Ci troviamo in questo mese a percorrere un piccolo viaggio che ci porta negli Anni Ottanta alla scoperta di una corrente artistica nata un pò per caso. Il Graffitismo. Fenomeno pittorico alquanto appariscente, sviluppatosi negli Stati Uniti nei quartieri poveri della periferia di New York, come il Bronx e Harlem. Il tutto ebbe inizio quando gruppi di ragazzi giovanissimi si divisero in bande ed iniziarono a ricoprire di disegni i vagoni delle metropolitane. Disegni realizzati con bombolette di colore spray e che rappresentavano fumetti oppure dei logos (firme personali) nei quali era racchiusa tutta la loro filosofia.
Con il passare del tempo, alcuni di loro si fecero notare dai galleristi del momento e furono lanciati come artisti. Il risultato non fu dei migliori perché molti persero la spontaneità del gesto creativo ed entrarono a far parte di un circuito commerciale alla portata di tutti.
Gli unici che riuscirono ad emergere furono quelli che avevano alla base una buona formazione artistica per gli studi effettuati e per aver frequentato persone come Andy Worhol.
Il personaggio che fra tutti è riuscito a farsi notare è stato senza dubbio Keith Haring (Kutztown 1958 – New York 1990), il quale ha iniziato a tracciare il suo segno creativo negli spazi vuoti dei pannelli pubblicitari delle metropolitane.
Dipingeva con la scioltezza di un fumettista e le sue figure ricorrenti erano bambini, donne incinte, personaggi con la testa di cane e segni decorativi che riempivano ogni spazio vuoto. Un repertorio immaginario il suo formatosi guardando la televisione da bambino.
Eseguiva le sue opere senza ripensamenti, con bombolette spray e pennarelli su ogni tipo di superficie: pannelli pubblicitari, teli di plastica, totem, anfore e statue. I suoi segni traducono visivamente i ritmi della musica rap: la ripetizione ossessiva, la possibilità di inventare al momento e la libertà di esprimersi in ogni luogo.

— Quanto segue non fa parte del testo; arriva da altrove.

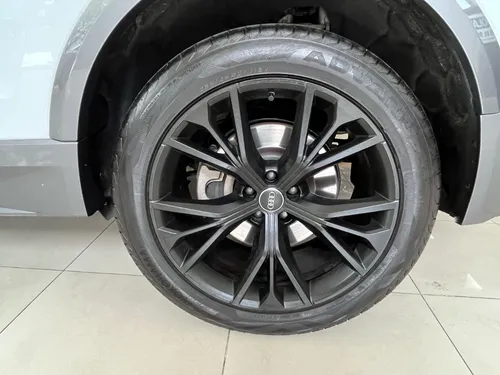 Audi Q8 MHEV QUATTRO PROGRESSIVE AT 4X4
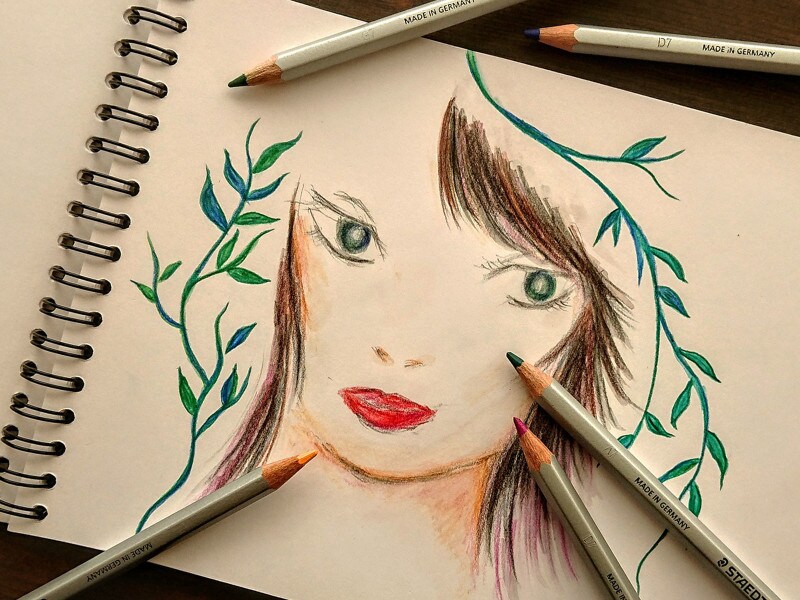 鮮やかな色が特徴のカラト水彩色鉛筆。水で濡らせば水彩画タッチになる。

Numerose sono le opere realizzate in giro per il mondo e tra i vari luoghi anche l’Italia può vantarsi della presenza di Haring nel 1989 per la realizzazione del murale“Tuttomondo” sulla parete esterna della Chiesa di Sant’Antonio Abate a Pisa. La parete è completamente piena di figure tipiche del suo linguaggio espressivo. Trenta figure concatenate tra loro, simbolo di pace e armonia nel mondo. Inoltre, in questo periodo è anche possibile ammirare un’altra delle sue opere: “Murale di Milwaukee” (1983) esposto a Chieti al Museo Archeologico Nazionale d’Abruzzo – La Civitella. L’opera è composta da ventiquattro pannelli in legno per un totale di trenta metri di lunghezza e due e mezzo di altezza. Un complesso di figure monumentali che permettono allo spettatore di entrare a far parte di quel mondo immaginario che Haring portò nelle gallerie dei musei di tutto il mondo.